Financial Services sector promotes good culture as a product of trust

A blog by Mark Sugden, Director of Business Development at GBG, looking at the changes required to improve banking standards in the Financial Services industry following recommendations by the Parliamentary Commission.

Changes have been set out by the Banking Reform Act 2013 which will affect the UK financial services industry with the aim of increasing individual accountability. 

So what does this mean?

There are lots of examples of good practice and positive development across the sector where organisations are committed to treating customers well and raising standards of behaviour, however there are certainly areas that require change. Particularly in areas where deep-rooted issues exist and attitudes are driving poor customer experience.

Improving standards means improving responsiveness, accountability and openness and encouraging businesses to be honest about what they need to do to make changes and how they plan to do it.

Importance of company culture in businesses

Internal culture certainly needs to change in a lot of organisations. The improvements need to become part of the company psyche, its bricks and mortar, and all employees need to be bought in, believing the values and living and breathing them.

Encouragingly those companies who are embarking on change are committed to developing internal cultures that put the customer at the centre of everything they do. The new standards are set to address the way a business aligns their values and the way it does business and creating a culture of responsibility and accountability of individuals.

The Regulations

The FCA is driving these changes, and its CEO, Andrew Bailey firmly believes that culture is a vital part of any company’s make up and has a major influence on the outcomes a business generates.

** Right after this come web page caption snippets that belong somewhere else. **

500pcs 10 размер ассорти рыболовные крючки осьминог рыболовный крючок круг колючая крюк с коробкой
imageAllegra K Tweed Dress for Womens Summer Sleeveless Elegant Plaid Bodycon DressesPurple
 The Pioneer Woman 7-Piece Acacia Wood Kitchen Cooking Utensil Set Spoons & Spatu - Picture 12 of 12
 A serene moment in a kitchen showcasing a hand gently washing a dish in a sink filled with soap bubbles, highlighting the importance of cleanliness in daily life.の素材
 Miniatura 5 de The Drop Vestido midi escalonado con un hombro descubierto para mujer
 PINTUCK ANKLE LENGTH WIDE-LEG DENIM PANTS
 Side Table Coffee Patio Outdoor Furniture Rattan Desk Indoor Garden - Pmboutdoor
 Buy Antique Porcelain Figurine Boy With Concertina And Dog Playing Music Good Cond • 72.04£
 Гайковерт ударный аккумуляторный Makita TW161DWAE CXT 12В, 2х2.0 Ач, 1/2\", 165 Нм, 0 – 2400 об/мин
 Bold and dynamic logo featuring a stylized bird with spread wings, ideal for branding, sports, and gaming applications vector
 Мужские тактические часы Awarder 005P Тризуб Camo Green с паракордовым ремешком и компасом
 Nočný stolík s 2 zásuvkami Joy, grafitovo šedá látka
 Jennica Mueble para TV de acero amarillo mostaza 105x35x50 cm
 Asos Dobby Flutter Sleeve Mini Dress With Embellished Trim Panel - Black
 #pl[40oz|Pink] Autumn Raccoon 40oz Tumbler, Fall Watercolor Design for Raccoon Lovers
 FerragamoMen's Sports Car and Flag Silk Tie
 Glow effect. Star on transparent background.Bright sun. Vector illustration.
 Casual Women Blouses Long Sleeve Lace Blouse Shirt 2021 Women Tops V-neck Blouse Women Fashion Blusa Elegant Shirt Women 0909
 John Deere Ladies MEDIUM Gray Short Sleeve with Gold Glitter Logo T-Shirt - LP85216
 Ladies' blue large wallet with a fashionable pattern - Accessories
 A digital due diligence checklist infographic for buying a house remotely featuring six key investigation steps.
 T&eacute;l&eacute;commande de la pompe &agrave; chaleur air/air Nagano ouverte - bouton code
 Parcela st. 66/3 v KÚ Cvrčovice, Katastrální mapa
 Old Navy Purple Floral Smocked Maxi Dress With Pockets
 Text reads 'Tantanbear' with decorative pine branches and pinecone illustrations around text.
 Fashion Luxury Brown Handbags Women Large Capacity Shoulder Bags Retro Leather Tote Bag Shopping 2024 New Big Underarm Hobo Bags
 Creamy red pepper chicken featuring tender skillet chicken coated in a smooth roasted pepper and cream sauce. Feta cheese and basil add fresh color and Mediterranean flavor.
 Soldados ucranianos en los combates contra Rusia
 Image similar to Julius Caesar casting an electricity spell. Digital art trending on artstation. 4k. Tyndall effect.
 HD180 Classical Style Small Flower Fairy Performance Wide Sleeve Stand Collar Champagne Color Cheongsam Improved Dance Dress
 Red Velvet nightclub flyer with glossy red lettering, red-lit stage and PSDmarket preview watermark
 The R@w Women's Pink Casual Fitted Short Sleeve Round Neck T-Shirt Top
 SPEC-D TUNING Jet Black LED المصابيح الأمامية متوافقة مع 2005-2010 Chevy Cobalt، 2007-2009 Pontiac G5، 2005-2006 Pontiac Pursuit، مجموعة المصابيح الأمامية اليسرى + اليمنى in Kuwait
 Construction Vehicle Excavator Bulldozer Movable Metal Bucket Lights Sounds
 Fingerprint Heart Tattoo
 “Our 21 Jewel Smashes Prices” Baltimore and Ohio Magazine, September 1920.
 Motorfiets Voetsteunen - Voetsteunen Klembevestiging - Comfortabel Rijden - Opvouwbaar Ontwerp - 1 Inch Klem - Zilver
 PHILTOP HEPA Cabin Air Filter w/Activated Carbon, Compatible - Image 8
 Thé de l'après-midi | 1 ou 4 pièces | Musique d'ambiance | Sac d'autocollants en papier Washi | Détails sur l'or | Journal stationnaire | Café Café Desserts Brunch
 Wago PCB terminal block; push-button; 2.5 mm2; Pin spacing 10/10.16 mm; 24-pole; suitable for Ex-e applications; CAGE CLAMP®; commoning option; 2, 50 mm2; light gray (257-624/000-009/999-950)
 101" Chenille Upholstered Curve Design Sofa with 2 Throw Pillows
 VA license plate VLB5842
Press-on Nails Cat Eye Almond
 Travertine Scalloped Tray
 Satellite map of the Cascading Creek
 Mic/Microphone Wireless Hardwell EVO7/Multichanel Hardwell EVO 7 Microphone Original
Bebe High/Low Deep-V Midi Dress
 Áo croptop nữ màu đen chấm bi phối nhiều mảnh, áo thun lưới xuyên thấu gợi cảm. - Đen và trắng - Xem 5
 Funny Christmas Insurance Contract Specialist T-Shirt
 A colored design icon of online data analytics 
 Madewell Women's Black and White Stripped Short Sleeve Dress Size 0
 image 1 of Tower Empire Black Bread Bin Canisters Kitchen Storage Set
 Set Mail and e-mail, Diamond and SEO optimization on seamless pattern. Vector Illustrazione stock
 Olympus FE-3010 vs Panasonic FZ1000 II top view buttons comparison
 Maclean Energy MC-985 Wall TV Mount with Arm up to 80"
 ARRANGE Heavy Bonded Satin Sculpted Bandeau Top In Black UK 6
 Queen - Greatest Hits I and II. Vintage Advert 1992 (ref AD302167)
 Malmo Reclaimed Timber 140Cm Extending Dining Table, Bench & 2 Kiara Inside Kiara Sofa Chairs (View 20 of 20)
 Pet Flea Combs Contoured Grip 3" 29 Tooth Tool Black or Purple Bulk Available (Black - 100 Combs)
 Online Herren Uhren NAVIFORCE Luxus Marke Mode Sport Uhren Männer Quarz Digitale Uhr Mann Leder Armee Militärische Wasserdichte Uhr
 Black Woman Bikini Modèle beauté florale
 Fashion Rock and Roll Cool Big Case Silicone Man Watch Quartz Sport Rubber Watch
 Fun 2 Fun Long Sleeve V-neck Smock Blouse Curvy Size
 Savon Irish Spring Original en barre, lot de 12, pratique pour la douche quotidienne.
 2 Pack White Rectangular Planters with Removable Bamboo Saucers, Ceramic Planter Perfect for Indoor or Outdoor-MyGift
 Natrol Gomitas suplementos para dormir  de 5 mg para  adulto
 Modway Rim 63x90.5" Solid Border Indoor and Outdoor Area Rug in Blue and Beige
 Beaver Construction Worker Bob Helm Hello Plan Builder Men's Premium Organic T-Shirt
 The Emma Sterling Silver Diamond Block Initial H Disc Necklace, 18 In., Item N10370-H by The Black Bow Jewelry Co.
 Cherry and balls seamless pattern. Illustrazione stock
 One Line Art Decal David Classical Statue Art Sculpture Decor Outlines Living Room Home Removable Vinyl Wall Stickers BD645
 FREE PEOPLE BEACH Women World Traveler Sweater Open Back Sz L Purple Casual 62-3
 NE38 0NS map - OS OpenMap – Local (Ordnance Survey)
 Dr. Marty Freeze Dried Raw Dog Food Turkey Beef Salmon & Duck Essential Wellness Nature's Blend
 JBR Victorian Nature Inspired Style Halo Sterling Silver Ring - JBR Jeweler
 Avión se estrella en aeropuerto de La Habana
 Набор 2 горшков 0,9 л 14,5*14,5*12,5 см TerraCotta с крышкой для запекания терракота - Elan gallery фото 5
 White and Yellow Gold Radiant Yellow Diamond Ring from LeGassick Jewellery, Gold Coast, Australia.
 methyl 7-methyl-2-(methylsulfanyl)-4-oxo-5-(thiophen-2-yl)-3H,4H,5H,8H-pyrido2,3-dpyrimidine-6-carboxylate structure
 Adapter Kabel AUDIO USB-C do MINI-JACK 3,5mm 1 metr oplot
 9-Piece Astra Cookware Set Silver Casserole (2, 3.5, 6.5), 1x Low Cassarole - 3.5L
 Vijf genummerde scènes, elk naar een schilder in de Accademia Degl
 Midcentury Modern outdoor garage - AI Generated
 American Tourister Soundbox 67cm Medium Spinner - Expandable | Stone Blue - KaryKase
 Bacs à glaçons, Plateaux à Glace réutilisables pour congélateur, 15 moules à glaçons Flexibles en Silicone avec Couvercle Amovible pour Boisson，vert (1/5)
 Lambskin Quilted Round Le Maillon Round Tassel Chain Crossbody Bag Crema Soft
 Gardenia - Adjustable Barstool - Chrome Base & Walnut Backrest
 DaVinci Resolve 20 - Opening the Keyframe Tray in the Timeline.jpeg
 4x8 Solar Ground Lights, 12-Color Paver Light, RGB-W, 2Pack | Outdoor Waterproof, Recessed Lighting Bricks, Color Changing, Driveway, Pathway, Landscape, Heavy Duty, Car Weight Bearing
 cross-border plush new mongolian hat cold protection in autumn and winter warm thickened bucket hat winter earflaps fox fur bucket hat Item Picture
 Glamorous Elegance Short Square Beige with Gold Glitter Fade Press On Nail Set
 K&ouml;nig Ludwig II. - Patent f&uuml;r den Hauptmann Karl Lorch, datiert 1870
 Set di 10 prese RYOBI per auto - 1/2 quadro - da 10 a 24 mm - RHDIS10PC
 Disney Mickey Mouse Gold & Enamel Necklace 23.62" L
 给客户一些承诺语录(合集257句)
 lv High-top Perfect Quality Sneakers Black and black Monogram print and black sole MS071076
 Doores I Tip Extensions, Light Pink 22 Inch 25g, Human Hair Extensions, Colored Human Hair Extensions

In a speech at the City Week 2016 Conference, Andrew Bailey said “Good culture is a product of trust... Culture is everywhere and nowhere in firms; everywhere in the sense that it is shaped and determined by all the features of the firm – its people, organisation, reward structures etc.; and nowhere because culture is not a tangible thing sitting on a shelf that can be prodded and changed of itself’.


What are businesses required to do?

Regulations state that employees are ‘certified’ by their employers and must demonstrate “fitness and propriety” to do their job. Certification is required to be updated annually and reported back to the FCA along with the list of Senior Managers already included within the regime.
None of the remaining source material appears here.